In recent years, text-to-speech technology has made tremendous strides, thanks in large part to advances in machine learning and artificial intelligence. As a result, synthetic speech is now almost indistinguishable from human speech, and is being used in a variety of applications, from voice assistants to audiobooks.
However, while there are many cloud-based text-to-speech services available, (AWS Polly, Azure Text-to-speech, Google cloud Text-to-speech to name a few) these services can be expensive, and may not always be the best fit for every use case. That’s why we’re excited to announce the release of our new self-hosted text-to-speech service, which is available as a Docker image that you can spin up on a GPU instance.
With our self-hosted text-to-speech service, you can get state-of-the-art speech synthesis within your own infrastructure, without having to rely on cloud service providers. This can be especially useful for practitioners who need to power their app or service with synthetic speech in production, and who may have concerns about cost or security.
As the rest of the post delves into the internal workings of the service, we recommend taking a moment to review the usage documentation, which demonstrates how straightforward it is to establish a TTS endpoint.
How far 1 GPU can take you
This section aims to set expectations regarding the efficiency of Balacoon TTS, specifically in terms of how many users can be served using just one GPU to handle requests.

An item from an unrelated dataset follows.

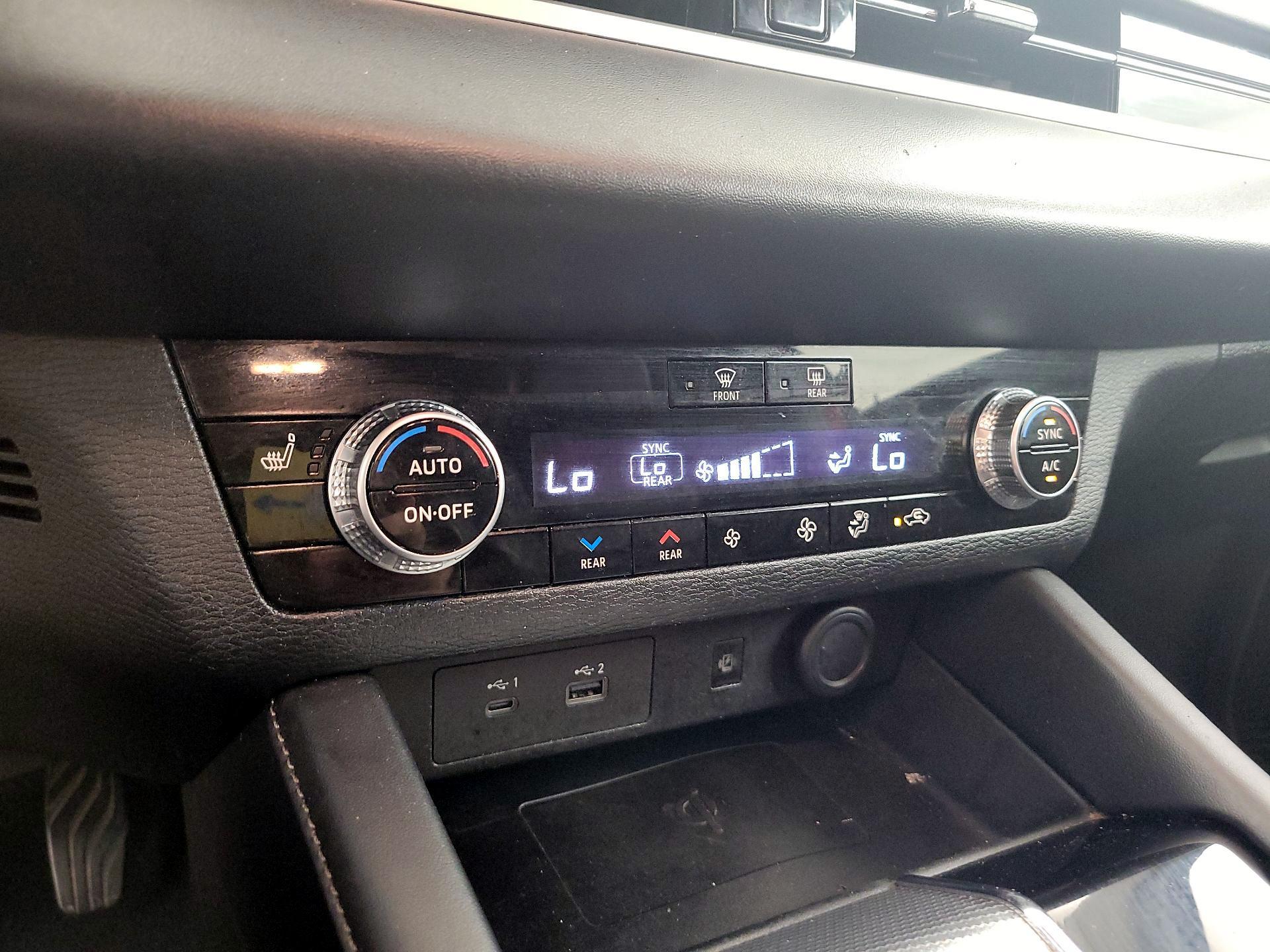 Thumbnail: 2022 Mitsubishi Outlander - 17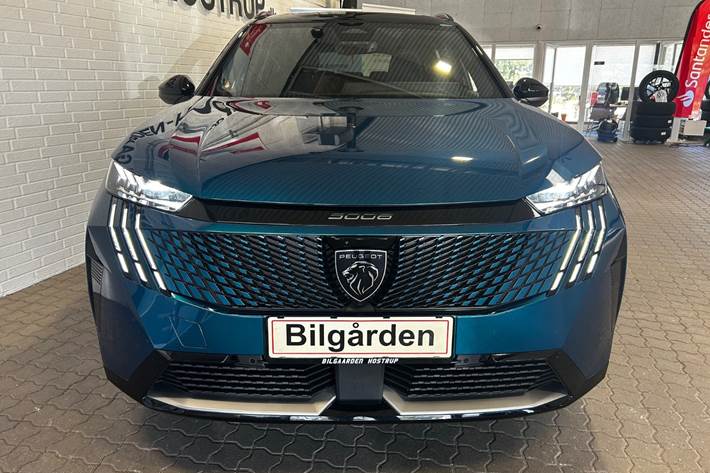 Blå Peugeot e-5008 fra 2025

Two primary metrics to consider are:
- Latency - the amount of time a user must wait before obtaining the first chunk of audio.
- Real-time factor (RTF) - the ratio of the duration of the synthesized audio to the time it took to produce it.
Configuring the endpoint involves finding a balance between these two metrics. Balacoon TTS server uses NVIDIA Triton Server internally, which enables batching of inference requests. The greater the number of requests that are batched and processed in parallel, the better the real-time factor will be. However, this comes at the cost of increased latency since processing more data in parallel requires more time. You have control over the maximum batch size to process, when you are launching the endpoint.
It can be observed that beyond a certain point, increasing the batch size does not result in any significant increase in the amount of audio produced. In total, it is possible to generate 3.5 hours of speech in just 30 seconds, with each user starting to receive audio in as little as 100 milliseconds after the request. Check out the performance of classical combination of Tacotron2 and Waveglow for comparison.
There are other parameters that affect Latency/RTF, but these are hardcoded into the server and cannot be adjusted:
- Chunk size - the amount of audio synthesized in a single processing unit. It is more efficient to synthesize larger chunks of audio, but this can increase latency. The chunk size for Balacoon TTS is set at 2 seconds.
- Batching queue delay - the time to wait for the new requests before sending previously obtained ones as a batch. Balacoon TTS aggregates requests for 10ms.